Complete Nucleotide Sequence of Australian Tomato spotted wilt virus Isolate TSWV-QLD2.

The complete nucleotide (nt) sequence of an Australian isolate of Tomato spotted wilt virus was determined by deep RNA sequencing and deep small RNA sequencing. The tripartite genome consists of an 8,914-nt L segment, a 4,851-nt M segment, and a 2,987-nt S segment.

GENOME ANNOUNCEMENT

Tomato spotted wilt virus (TSWV) is a member of the Tospovirus genus, which is the only plant-infecting genus of the Bunyaviridae family (1). The TSWV RNA genome is tripartite, consisting of an L segment (~8.9 kb), an M segment (~4.8 kb), and an S segment (~3 kb) (2). The M and S segments encode proteins in an ambisense orientation with overlapping noncoding intergenic regions (2, 3). TSWV is vectored by thrips in a circulative propagative manner (2). TSWV has an extensive host range, including many crop, weed, landscape, and native plants (2, 4). TSWV infection symptoms can vary between cultivars and species but may include stunting, wilting, chlorosis, necrosis, and the formation of chlorotic or necrotic spotting and rings (1).

A large number of partial TSWV sequences have been lodged in the GenBank database, with many N protein-coding sequences identified from a range of geographic locations. Far fewer TSWV genomes have been fully sequenced. Recently, the first fully sequenced genome of an Australian TSWV isolate was reported (5). Here, we report the complete nucleotide (nt) sequence of a second Australian TSWV isolate, designated TSWV-QLD2.

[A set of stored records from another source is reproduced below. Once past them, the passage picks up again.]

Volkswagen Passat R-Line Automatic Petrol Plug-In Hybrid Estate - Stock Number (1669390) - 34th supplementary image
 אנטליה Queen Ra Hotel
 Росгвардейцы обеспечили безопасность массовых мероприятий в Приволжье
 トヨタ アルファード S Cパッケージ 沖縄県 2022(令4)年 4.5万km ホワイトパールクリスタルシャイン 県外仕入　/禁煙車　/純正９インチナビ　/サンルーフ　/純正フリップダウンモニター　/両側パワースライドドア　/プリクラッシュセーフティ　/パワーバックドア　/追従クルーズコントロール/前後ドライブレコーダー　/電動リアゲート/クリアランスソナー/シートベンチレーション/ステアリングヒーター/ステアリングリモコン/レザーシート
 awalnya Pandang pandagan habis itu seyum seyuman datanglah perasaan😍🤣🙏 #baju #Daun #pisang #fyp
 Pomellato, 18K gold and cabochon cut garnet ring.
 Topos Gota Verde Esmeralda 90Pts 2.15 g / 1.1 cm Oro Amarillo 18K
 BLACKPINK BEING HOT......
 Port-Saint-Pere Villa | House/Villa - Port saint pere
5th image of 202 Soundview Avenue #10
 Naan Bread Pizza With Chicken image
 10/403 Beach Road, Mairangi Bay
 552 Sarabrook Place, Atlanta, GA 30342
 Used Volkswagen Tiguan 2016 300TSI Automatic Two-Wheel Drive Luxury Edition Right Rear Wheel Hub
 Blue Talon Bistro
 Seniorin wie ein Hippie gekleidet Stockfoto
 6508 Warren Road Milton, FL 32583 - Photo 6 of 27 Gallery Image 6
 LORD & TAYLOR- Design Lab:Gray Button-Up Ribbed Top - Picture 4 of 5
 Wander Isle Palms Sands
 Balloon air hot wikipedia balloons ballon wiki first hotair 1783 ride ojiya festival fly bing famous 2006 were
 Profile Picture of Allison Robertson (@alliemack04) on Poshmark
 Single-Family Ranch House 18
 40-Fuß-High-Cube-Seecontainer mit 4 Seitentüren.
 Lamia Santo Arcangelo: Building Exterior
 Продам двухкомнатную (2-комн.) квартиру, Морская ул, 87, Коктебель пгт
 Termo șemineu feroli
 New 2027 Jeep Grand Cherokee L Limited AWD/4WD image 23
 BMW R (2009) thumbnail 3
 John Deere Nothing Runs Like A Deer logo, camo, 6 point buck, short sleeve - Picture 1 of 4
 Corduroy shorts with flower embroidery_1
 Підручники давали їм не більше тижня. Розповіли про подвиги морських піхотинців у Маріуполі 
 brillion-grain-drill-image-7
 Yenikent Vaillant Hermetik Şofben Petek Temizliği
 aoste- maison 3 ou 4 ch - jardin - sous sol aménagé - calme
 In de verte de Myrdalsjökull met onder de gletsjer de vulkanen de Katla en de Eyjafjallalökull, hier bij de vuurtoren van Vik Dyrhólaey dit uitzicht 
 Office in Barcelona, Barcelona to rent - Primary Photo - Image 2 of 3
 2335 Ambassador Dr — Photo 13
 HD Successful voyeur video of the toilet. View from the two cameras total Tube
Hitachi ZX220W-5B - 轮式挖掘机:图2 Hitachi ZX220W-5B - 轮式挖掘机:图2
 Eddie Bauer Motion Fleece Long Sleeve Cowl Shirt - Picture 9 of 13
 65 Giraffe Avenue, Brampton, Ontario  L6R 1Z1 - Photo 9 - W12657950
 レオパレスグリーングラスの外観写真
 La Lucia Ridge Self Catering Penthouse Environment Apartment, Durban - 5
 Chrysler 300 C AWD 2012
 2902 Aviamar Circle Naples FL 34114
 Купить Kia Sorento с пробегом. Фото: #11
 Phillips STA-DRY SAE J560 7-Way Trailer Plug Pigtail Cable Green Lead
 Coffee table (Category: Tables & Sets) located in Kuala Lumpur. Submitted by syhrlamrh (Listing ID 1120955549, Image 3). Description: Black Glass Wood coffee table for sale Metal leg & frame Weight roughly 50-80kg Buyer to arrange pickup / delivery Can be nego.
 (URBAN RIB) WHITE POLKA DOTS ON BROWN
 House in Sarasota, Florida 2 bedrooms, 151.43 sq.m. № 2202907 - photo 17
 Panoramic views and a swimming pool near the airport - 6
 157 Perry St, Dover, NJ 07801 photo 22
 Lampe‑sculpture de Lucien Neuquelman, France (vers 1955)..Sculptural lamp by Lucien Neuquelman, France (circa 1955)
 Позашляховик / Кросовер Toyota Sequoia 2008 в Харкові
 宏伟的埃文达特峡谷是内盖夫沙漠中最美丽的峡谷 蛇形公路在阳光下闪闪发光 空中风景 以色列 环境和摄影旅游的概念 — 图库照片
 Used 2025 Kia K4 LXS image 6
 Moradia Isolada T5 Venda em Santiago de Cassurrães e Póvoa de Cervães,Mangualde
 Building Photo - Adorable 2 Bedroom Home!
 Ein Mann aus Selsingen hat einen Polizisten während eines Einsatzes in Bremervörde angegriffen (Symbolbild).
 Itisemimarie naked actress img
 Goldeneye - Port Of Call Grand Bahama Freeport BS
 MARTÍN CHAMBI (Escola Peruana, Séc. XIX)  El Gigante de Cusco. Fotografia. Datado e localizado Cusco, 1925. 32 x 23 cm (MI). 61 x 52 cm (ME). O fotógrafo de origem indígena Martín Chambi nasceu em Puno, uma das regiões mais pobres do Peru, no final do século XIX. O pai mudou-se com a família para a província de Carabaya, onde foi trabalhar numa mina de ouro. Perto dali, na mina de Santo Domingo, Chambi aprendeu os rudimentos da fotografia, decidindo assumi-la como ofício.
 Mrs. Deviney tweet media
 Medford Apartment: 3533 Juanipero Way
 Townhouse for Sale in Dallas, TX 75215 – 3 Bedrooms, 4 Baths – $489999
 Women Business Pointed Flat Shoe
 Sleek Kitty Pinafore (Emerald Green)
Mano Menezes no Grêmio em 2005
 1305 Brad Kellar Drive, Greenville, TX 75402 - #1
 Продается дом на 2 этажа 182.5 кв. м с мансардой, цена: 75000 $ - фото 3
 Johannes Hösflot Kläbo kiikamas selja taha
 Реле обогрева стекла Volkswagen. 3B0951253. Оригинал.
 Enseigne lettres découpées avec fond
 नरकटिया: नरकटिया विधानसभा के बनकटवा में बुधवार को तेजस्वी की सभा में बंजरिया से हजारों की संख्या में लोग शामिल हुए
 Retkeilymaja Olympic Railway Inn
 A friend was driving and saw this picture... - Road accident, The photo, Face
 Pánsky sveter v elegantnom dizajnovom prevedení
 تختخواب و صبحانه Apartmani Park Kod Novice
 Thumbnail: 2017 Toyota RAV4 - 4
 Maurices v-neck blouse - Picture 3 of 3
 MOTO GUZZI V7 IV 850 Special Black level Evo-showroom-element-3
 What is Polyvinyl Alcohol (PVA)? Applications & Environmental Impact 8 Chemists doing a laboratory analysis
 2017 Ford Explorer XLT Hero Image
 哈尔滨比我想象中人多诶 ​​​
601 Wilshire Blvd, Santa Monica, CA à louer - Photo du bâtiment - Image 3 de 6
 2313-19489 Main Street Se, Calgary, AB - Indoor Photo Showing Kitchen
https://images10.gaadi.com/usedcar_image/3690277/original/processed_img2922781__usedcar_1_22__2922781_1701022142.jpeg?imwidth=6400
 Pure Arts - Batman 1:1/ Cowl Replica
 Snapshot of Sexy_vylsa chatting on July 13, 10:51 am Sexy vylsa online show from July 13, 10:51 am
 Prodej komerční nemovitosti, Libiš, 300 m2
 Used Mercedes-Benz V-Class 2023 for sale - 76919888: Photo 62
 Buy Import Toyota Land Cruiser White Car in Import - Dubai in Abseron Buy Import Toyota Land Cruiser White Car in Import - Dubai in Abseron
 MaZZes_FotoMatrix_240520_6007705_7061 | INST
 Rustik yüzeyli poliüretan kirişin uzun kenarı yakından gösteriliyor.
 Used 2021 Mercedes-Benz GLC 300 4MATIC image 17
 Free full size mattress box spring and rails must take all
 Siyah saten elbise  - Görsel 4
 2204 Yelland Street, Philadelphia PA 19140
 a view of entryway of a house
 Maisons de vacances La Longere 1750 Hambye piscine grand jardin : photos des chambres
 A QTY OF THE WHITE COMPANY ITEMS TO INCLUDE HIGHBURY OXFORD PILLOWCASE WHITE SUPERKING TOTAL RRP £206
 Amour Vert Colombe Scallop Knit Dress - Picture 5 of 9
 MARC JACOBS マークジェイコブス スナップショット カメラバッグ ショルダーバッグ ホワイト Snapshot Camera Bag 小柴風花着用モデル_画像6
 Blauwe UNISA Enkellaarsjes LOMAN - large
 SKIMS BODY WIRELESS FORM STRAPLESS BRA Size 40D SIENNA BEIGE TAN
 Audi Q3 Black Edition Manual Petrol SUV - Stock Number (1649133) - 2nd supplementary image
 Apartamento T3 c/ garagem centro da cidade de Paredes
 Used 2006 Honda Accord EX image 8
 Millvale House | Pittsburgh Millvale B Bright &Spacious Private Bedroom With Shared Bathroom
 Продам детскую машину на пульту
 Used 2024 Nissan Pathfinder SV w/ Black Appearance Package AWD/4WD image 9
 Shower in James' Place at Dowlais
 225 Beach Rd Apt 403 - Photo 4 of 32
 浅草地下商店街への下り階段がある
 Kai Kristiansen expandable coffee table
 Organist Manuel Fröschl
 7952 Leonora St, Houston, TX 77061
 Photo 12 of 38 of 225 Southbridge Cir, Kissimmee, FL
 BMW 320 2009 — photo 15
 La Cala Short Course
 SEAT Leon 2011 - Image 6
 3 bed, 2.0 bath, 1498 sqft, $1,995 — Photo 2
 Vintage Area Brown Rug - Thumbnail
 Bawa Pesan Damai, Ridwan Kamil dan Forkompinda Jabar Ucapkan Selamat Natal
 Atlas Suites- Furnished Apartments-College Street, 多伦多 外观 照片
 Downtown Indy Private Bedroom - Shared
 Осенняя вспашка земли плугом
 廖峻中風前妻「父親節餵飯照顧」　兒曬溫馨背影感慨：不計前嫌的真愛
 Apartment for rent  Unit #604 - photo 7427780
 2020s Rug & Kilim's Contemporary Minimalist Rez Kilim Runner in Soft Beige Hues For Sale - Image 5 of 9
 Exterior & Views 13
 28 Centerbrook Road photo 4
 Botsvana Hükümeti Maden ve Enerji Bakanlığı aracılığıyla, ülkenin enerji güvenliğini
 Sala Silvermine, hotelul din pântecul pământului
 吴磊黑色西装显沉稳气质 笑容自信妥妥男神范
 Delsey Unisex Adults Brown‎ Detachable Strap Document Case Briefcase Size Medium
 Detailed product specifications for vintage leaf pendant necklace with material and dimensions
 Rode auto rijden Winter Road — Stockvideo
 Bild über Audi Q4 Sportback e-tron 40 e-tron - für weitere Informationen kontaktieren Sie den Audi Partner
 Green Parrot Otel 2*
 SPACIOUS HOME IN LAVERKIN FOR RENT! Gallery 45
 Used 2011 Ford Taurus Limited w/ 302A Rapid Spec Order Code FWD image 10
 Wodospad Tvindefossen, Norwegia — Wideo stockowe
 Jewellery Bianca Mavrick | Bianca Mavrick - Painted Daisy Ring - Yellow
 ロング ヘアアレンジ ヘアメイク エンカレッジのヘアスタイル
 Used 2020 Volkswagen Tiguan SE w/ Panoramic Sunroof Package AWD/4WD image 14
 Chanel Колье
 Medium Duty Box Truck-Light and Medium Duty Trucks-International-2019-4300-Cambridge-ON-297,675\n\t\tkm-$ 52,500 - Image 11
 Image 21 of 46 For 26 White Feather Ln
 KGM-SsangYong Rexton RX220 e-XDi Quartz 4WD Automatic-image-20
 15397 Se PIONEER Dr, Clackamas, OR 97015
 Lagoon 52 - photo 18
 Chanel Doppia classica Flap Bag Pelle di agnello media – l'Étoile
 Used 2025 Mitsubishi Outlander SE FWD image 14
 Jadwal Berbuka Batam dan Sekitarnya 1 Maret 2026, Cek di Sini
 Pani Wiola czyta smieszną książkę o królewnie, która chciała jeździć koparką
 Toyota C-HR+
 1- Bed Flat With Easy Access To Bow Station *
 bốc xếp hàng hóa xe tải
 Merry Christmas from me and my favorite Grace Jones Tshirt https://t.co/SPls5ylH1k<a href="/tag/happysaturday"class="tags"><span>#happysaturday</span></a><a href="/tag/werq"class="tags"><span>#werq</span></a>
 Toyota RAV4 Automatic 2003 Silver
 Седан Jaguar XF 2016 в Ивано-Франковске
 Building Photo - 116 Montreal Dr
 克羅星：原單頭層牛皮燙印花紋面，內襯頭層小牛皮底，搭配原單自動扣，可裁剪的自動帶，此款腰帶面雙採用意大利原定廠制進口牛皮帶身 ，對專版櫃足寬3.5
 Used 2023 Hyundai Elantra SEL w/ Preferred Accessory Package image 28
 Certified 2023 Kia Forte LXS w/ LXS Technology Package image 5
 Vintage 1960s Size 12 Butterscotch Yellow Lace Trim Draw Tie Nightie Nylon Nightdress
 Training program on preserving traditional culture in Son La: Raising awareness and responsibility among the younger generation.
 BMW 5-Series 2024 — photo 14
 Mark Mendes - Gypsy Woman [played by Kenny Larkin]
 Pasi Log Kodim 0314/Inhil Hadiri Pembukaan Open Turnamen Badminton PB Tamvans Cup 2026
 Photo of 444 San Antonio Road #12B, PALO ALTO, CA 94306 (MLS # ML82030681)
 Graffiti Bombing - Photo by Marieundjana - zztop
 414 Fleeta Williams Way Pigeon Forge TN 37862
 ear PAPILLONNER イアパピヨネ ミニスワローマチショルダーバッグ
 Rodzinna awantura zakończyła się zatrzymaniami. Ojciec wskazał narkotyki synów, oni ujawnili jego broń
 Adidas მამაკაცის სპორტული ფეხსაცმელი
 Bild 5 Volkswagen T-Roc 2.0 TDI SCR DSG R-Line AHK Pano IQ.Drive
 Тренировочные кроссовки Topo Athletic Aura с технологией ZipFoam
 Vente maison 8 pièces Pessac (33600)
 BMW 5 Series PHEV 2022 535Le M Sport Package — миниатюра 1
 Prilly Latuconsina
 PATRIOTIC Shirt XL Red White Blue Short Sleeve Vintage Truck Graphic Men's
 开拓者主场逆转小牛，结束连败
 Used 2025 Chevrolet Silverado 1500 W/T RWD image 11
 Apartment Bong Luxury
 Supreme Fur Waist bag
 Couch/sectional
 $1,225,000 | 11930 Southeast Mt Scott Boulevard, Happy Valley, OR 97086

The TSWV-QLD2 isolate was collected from a commercial crop of Capsicum annuum cv. Warlock from the Bowen region of Queensland, Australia, in 2015. The isolate was maintained in Capsicum annuum cv. California Wonder and later inoculated into tomato cv. Moneymaker. Total RNA was isolated from systemically infected tomato plants approximately 30 days postinoculation, using previously described methods (6). The RNA was subjected to both deep RNA sequencing and deep small RNA sequencing using Novogene as the sequencing service provider. After quality trimming, the RNA sequencing reads were assembled to the TSWV-QLD1 reference genome using Geneious version 8.1.7 software, as previously described (7). Similarly, after quality trimming and selection of a 20- to 24-nt subset, the small RNA sequencing reads were assembled to the TSWV-QLD1 reference genome using Geneious version 8.1.7 software, as previously described (5). Both RNA sequencing and small RNA sequencing methods generated identical full coverage genome sequences.

The TSWV-QLD2 isolate is present as a quasi-species. Within the 8,914-nt L segment, four clear polymorphisms were identified. Two polymorphisms were identified within the 4,851-nt M segment sequence, while the 2,987-nt S segment contained three polymorphisms.

Phylogenetic analysis was performed using previously described methods (5, 8). TSWV-QLD2 shares the highest percentage identity with the previously reported TSWV-QLD1 genome sequence (98 to 99% between the L, M, and S segments). TSWV-QLD2 shares sequence identities of between 93 and 97% for the L segment and 91 to 96% for the S and M segments of other fully sequenced TSWV isolates from diverse geographic locations. The N protein sequence encoded by the TSWV-QLD2 isolate is identical to that encoded by the previously described TSWV-QLD1 isolate and therefore clustered within the same clade (5).

Accession number(s).

The GenBank accession numbers for the TSWV-QLD2 L, M, and S segments are MG025802, MG025803, and MG025804, respectively.